A wooden railway bridge was built over the river Loughor and opened in 1852
to carry the broad gauge line of the South Wales Railway from Swansea
through to Carmarthen . This became the last remaining timber viaduct
designed by Brunel, whose other timber bridges had been gradually replaced by
masonry. Loughor’s bridge was 750ft long
with a 40ft opening swing bridge at the Swansea
end, and seventeen fixed spans. It was
on timber piles driven 14ft into the riverbed, with the
piles arranged in groups of three, across the width of the viaduct. A mixed-gauge
track was laid, being broad gauge for the South Wales Railway and standard
gauge for the Llanelly
Railway. The SWR converted to
standard gauge in 1872, so when the viaduct was first rebuilt in 1880 both
tracks were laid to standard gauge.
Major rebuilding was also carried out between 1908 and 1909, when the
swing bridge (unused since 1887) was removed.
With the re-doubling of railway tracks between Cockett West Junction and
Duffryn West Junction, in 2013 Network Rail replaced the viaduct with a modern
railway bridge, but did relocate part of the old grade 2 listed structure onto
railway land just to the west.
The Landore viaduct had been built from 1847 to 1850 to enable the South
Wales Railway to cross the canal and the river Tawe to reach Swansea .
The arrival of the train from Chepstow at Swansea ’s High Street Station in June 1850
was an occasion for much celebration, with speeches from Brunel and local
dignitaries during a banquet in a marquee especially erected on the
Burrows. That site was later excavated
for Swansea ’s
second dock, the South Dock (now the Marina), which opened in 1859, the year
Brunel died aged 53.
Landore was Brunel’s longest viaduct, originally 1,788ft (a third of a
mile) long, with thirty-seven spans, and built of Canadian pitch pine. Forty years later its length was
substantially reduced by building up an embankment on the eastern side of the
valley with slag from the nearby Hafod copper works, and replacing many
original timber piers with masonry. But
near Neath Road stand four masonry piers, each pierced with two arches, which
are part of Brunel’s original design.
At Llansamlet where the railway line passes through a cutting there was
danger of land slippage from old mine workings.
Brunel countered this with four “Flying Arches” to hold back the cutting
through which the line passes.

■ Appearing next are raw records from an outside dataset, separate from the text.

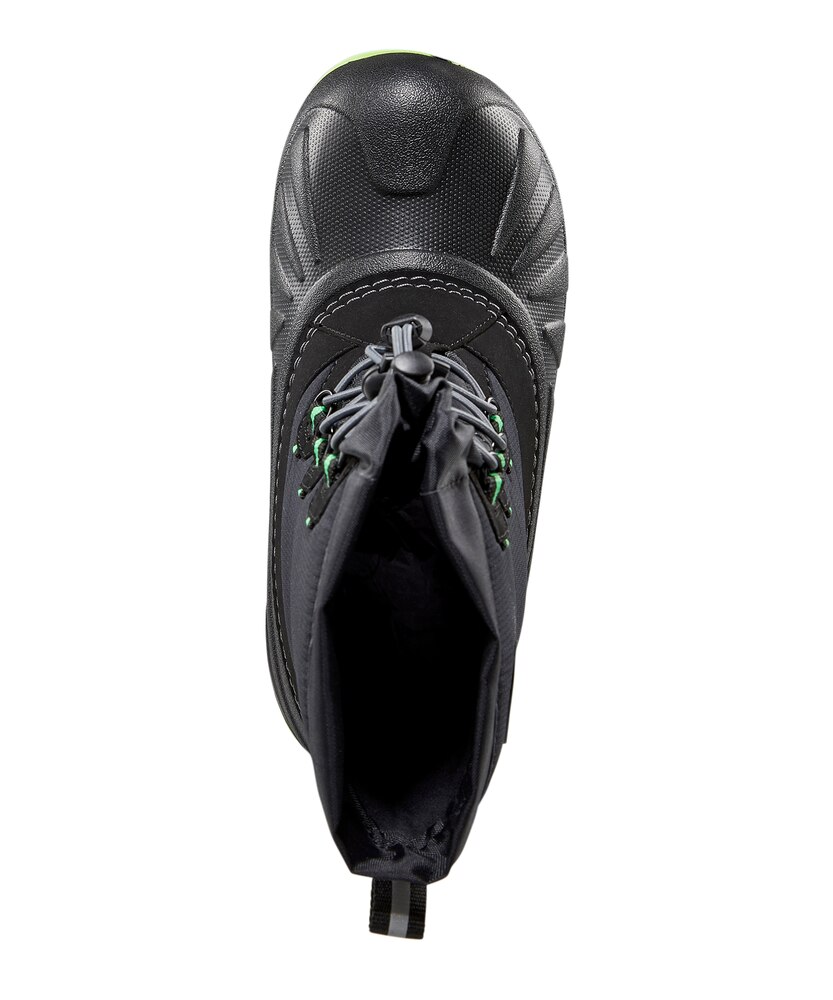 WindRiver Youth Golden IceFX Winter Boots - Black/Green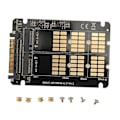Miniatyrbillede 2 af 5: Militær patch-samling displaypanel vægophængsholder til moral hook and loop emblemer sort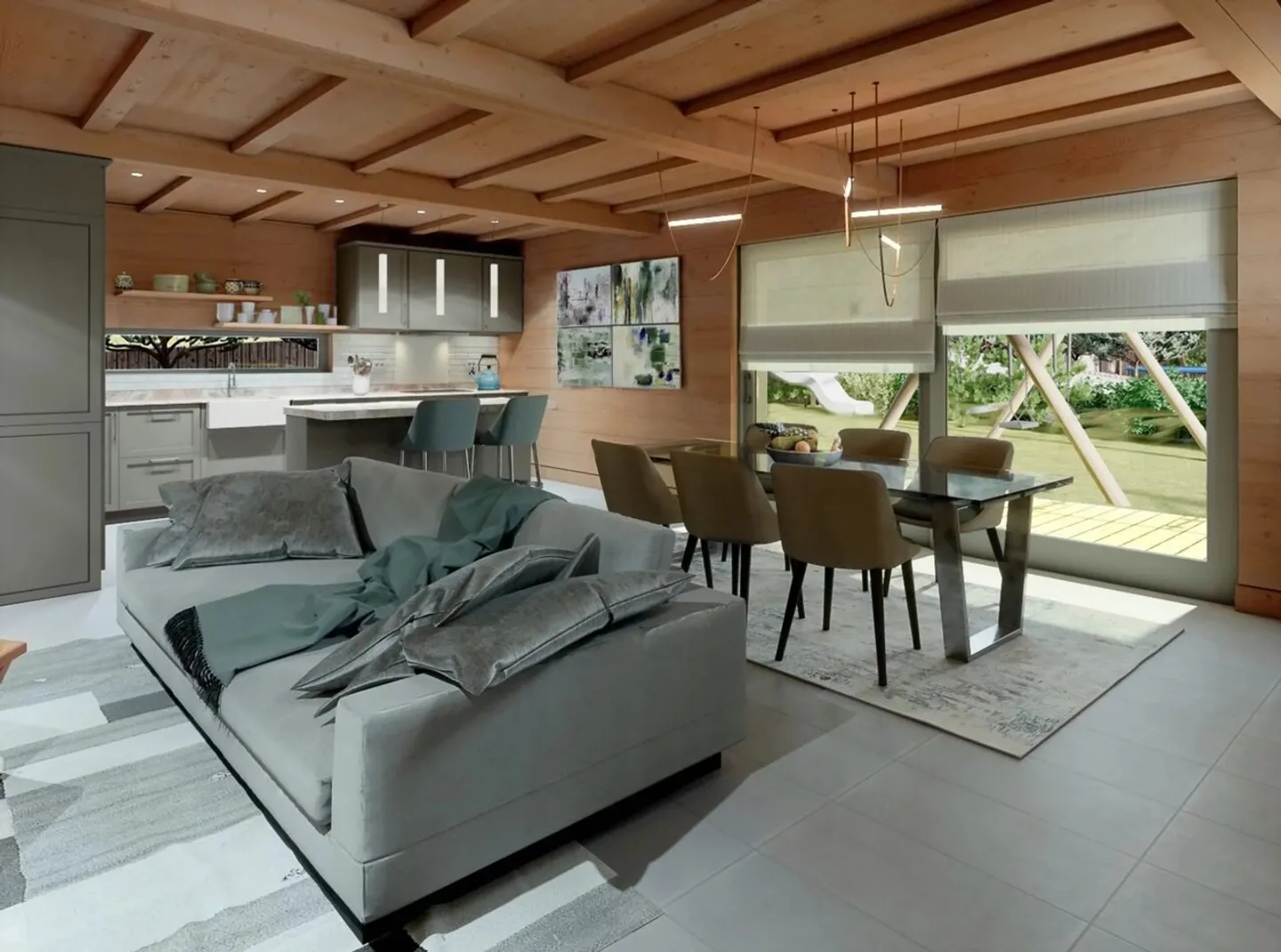 Charming individual villa with 5.5 bright and functional rooms - Photo 7 of 8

These
span 70ft from the sides of the cutting; the design and weight of the arches,
with heavy copper slag on top of each masonry arch, is sufficient to resist the
thrust of the side.
There is also a local link to one of Brunel’s three innovative steam
ships. SS “Great
Britain ” was the second of these, the first iron-built
ocean-going ship with a screw propeller, now restored in its dry dock in Bristol . But even that was eclipsed by his final
nautical project - the huge PSS “Great Eastern”, which was beset with problems
during construction at Millwall and in attempting to launch her sideways in
1858. As a luxury transatlantic liner
she was a commercial failure, yet her most productive use was laying
transatlantic telegraph cables between Europe, America
and India .
The Swansea connection is that copper
merchant Henry Bath’s company diversified into ship-breaking, and in 1889-90
dismantled Brunel’s giant paddle steamship using a wrecking ball at Rock Ferry,
Birkenhead , on the Wirral. It took over 18 months, with just the top
mast surviving as the flagpole at the Kop end of Liverpool ’s
Anfield football ground: sadly not at the Liberty Stadium!